Viver em condomínio

Viver em condomínio não é um processo pacífico face à dificuldade de harmonizar e conciliar a dupla condição de proprietários e comproprietários, pelo que, importa evitar situações susceptíveis de potenciar o surgimento de conflitos de vizinhança.
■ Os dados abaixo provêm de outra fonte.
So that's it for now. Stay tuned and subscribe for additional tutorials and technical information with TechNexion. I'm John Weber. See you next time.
O desiderato deste blogue é abordar as questões práticas inerentes ao regime jurídico da propriedade horizontal, atento o interesse colectivo dos condóminos em geral e administradores em particular.

08 julho 2025

Art. 1346º comentado

O art. 1346º do CC tem em vista as emissões de gazes, vapores (...) com carácter de continuidade ou, pelo menos, periodicidade que tenham a sua fonte em determinado prédio e perturbem a utilização normal do prédio vizinho.
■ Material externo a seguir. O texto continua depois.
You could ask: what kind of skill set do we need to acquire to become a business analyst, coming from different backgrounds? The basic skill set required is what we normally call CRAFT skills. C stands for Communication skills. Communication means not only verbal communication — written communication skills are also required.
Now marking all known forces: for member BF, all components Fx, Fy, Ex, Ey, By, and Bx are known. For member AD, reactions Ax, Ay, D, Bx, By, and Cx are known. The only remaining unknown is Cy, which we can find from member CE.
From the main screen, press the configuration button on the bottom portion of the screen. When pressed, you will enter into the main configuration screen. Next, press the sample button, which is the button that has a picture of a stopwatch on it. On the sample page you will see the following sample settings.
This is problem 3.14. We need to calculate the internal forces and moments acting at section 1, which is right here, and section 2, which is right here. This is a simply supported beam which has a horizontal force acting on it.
Antunes Varela dá tal interpretação apoiando-se em Enneccenes - Wolff, Tratado de Derecho Civil, trad. espanhola, volume III, 1, parágrafo 53, páginas 314 e seguintes, sendo certo que o sentido dado por Martin Wolff ao parágrafo 906 corresponde à interpretação que se dá ao artigo 1346, pois diz:

I. Em certos casos permite-se a produção de gazes, vapores, cheiros, resíduos... que procede de uma coisa e se propaga a outrém (os chamados imponderáveis).
II. a penetração dos imponderáveis noutra coisa permite-se só numa medida limitada.
1) uma penetração que não produza dano algum ou não produza "prejuízo essencial" para a utilização da coisa.
2) Permite-se inclusivamente os danos essenciais se resulta utilizar-se a coisa em forma corrente segundo os usos locais" (Martin Wolff, Derecho de cosas, 10 revision por Martin Wolff e Ludwig Laiser, páginas 350 a 352).
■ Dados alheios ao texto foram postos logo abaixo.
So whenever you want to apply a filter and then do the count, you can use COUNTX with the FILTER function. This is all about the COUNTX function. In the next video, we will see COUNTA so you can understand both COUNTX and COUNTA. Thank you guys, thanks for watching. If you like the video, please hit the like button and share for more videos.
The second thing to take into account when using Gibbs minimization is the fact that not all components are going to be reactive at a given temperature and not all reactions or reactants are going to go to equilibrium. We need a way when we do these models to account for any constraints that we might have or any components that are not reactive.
Segundo Pires de Lima e Antunes Varela, in Código Civil Anotado, vol. III, Coimbra Editora, 1972, o Código Civil de 1867 não se referia às emissões (ou imissões, se atendermos ao prédio atingido). Os problemas que se suscitavam neste domínio eram resolvidos pelos princípios gerais que regulavam o direito de propriedade.

Citava-se o art. 2170º e invocavam-se os preceitos dos art. 14º, 15º e 16º do mesmo Código (cfr. Ac. do STJ de 6/5/69, in Bol. do Min. da Just. nº 187, pág. 121), além de regulamentos e posturas municipais.

Porém, os códigos mais modernos, elaborados já num período de grande incremento da indústria, e de consequente agravamento dos inconvenientes de algumas instalações fabris para a saúde, repouso e bem-estar das pessoas, regularam esta matéria.

Foi o que sucedeu com o Código alemão (§ 906º), com o Código italiano de 1942 (art. 844º), com o Código suíço (art. 684º) e com o Código brasileiro (art. 554º). Mas foi especialmente a disposição do § 906º do Código alemão que inspirou a nossa lei, pelo que, a doutrina do art. 1346º é, fundamentalmente, a doutrina alemã.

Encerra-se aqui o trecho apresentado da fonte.